Using the records below, repeat exactly the lines from the one holding "Elementary school professor" through the one holding "Large drops of", both ends included, and no others.

------ SUPPLIED MATERIAL

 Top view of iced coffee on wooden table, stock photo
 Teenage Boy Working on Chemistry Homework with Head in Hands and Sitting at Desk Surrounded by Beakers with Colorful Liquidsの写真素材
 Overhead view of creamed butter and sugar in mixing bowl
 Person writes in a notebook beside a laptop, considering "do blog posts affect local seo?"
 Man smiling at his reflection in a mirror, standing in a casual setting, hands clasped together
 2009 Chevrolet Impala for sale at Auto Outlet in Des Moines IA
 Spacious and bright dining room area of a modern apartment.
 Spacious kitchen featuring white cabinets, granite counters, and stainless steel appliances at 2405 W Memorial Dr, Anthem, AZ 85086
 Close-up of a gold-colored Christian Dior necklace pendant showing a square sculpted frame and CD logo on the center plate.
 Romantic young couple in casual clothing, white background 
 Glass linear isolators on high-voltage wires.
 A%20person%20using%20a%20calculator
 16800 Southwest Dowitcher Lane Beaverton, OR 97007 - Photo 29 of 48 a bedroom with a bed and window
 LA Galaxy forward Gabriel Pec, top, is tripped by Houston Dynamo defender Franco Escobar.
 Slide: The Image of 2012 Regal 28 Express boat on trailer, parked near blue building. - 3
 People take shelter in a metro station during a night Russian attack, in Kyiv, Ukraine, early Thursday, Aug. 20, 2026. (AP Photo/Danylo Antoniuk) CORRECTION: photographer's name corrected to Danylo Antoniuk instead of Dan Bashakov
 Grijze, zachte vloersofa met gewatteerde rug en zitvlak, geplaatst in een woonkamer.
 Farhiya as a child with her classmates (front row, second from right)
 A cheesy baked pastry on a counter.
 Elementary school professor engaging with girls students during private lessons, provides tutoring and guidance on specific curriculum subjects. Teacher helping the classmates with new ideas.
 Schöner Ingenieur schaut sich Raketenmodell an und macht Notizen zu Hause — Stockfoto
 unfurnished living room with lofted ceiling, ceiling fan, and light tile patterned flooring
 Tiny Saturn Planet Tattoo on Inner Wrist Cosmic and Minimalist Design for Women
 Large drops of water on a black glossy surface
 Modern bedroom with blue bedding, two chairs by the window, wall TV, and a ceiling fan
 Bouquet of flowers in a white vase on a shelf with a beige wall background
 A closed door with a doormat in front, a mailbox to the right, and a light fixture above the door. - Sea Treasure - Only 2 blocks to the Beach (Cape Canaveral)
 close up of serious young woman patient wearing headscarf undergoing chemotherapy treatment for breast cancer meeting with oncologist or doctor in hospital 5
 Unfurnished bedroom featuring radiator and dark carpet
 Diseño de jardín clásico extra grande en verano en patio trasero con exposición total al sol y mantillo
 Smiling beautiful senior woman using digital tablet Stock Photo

------------

**OUTPUT FOR THIS TASK:**
 Elementary school professor engaging with girls students during private lessons, provides tutoring and guidance on specific curriculum subjects. Teacher helping the classmates with new ideas.
 Schöner Ingenieur schaut sich Raketenmodell an und macht Notizen zu Hause — Stockfoto
 unfurnished living room with lofted ceiling, ceiling fan, and light tile patterned flooring
 Tiny Saturn Planet Tattoo on Inner Wrist Cosmic and Minimalist Design for Women
 Large drops of water on a black glossy surface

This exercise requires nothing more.